Provided data —
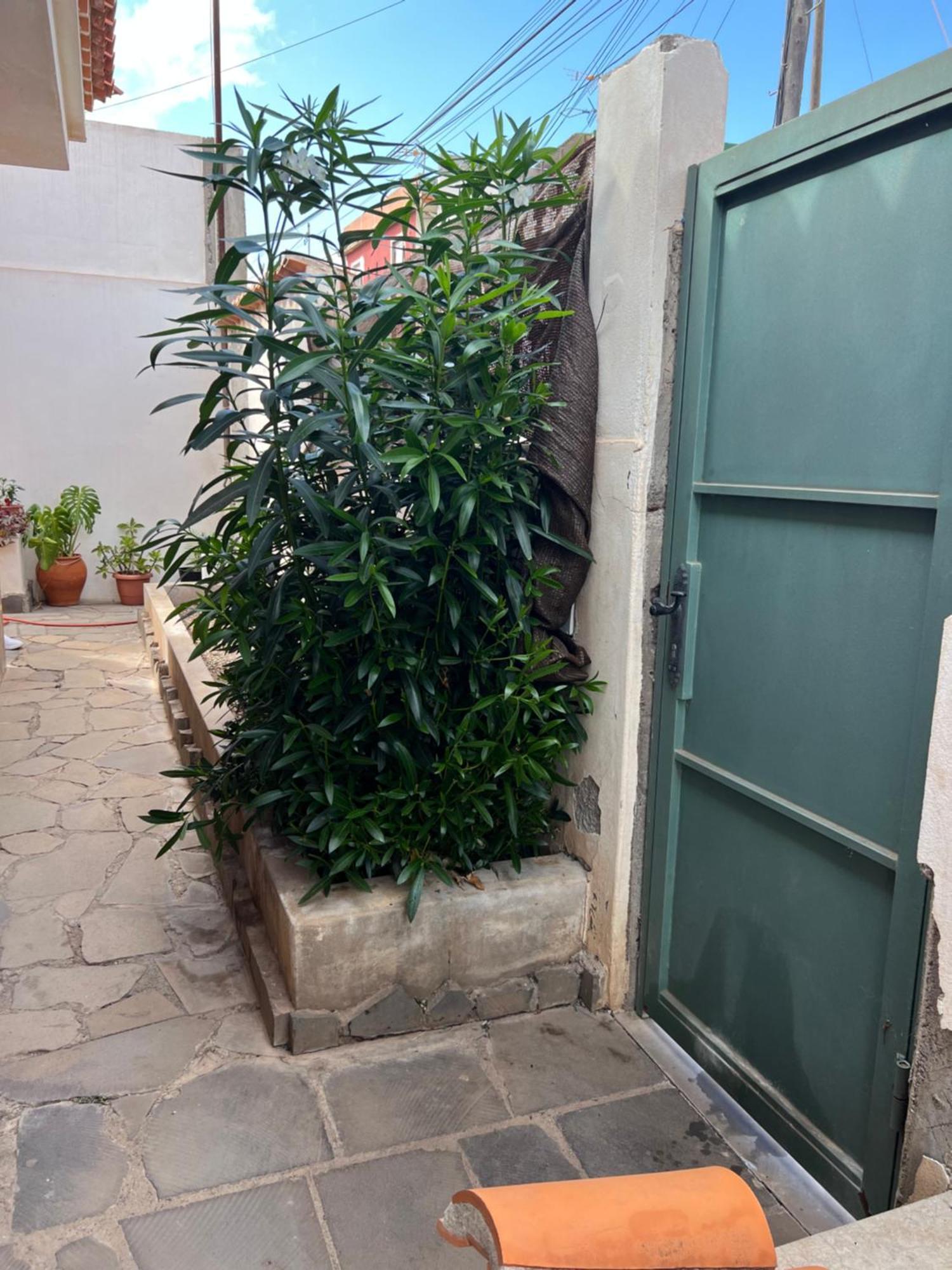 Atico Casa De Invitados Bluemoon Apartment San Cristóbal de La Laguna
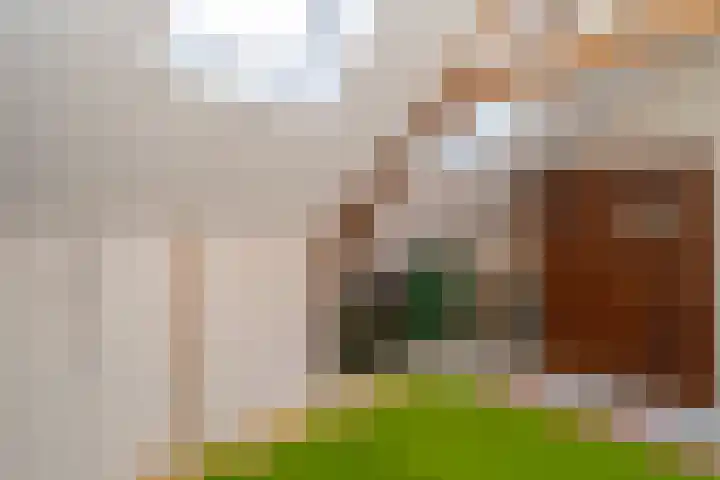 Clercxstraat 34 Tilburg thumbnail 39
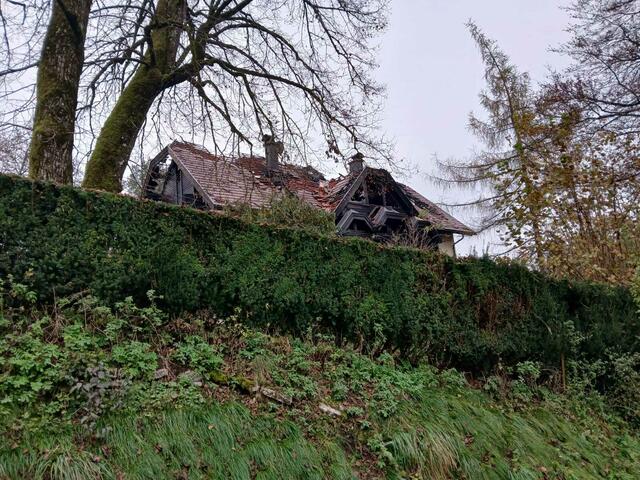 Das Feuer richtete großen Schaden an. | Foto: MeinBezirk.at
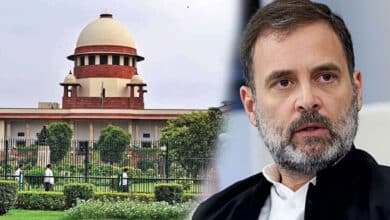SC Order on Stray Dogs is a Step Back from Decades of Humane Approach, Says Rahul Gandhi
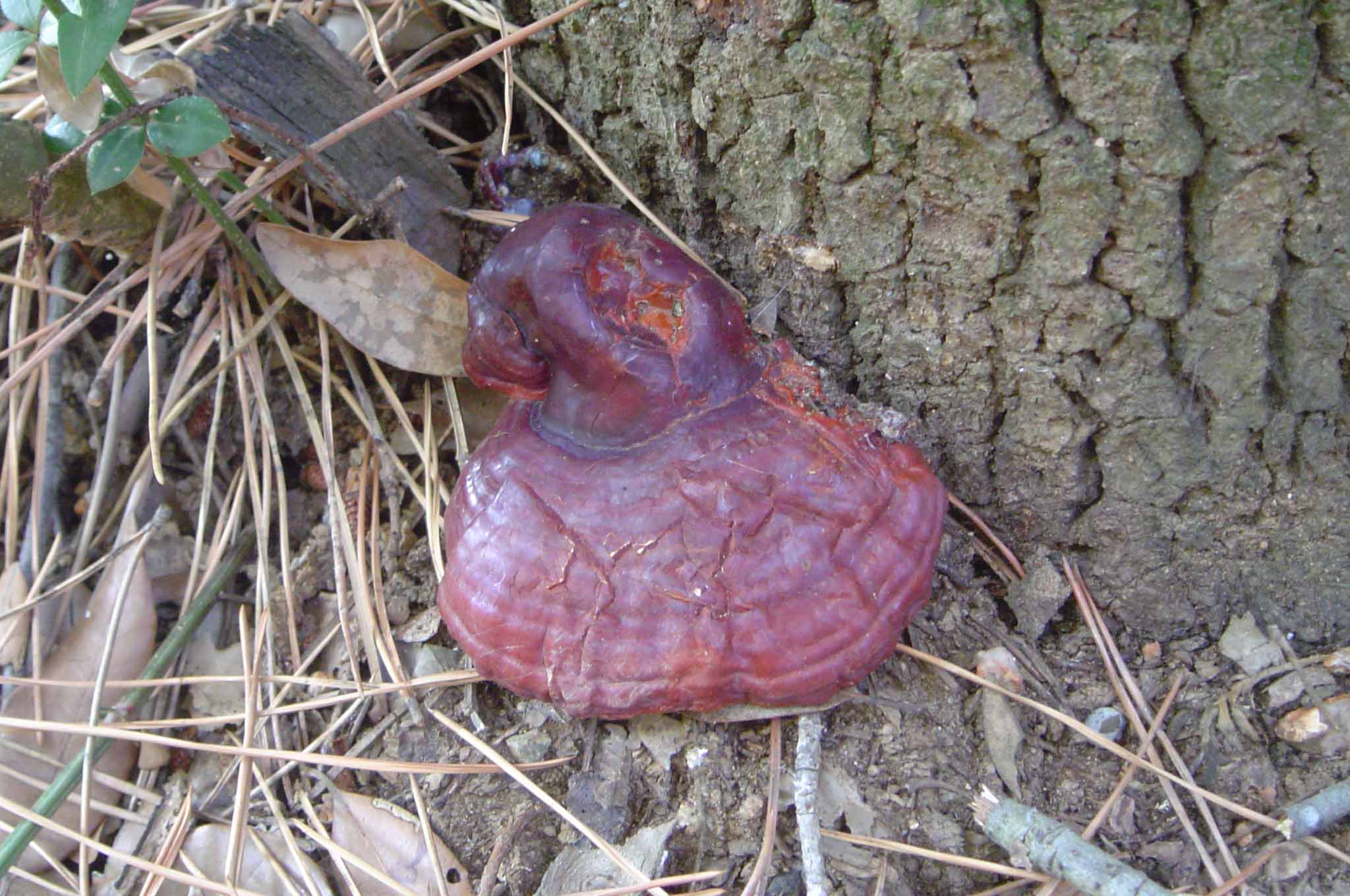 Ganoderma lucidum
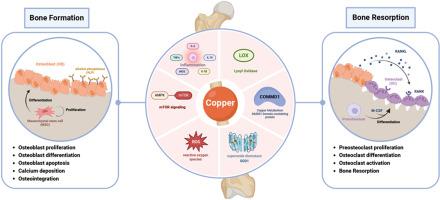 The impact of copper on bone metabolism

Work to complete — Pictures are not part of the answer, which must be the exact lines from the one holding "Das Feuer richtete" through the end of the material, both ends included.

Solution below —
 Das Feuer richtete großen Schaden an. | Foto: MeinBezirk.at
SC Order on Stray Dogs is a Step Back from Decades of Humane Approach, Says Rahul Gandhi
 Ganoderma lucidum
 The impact of copper on bone metabolism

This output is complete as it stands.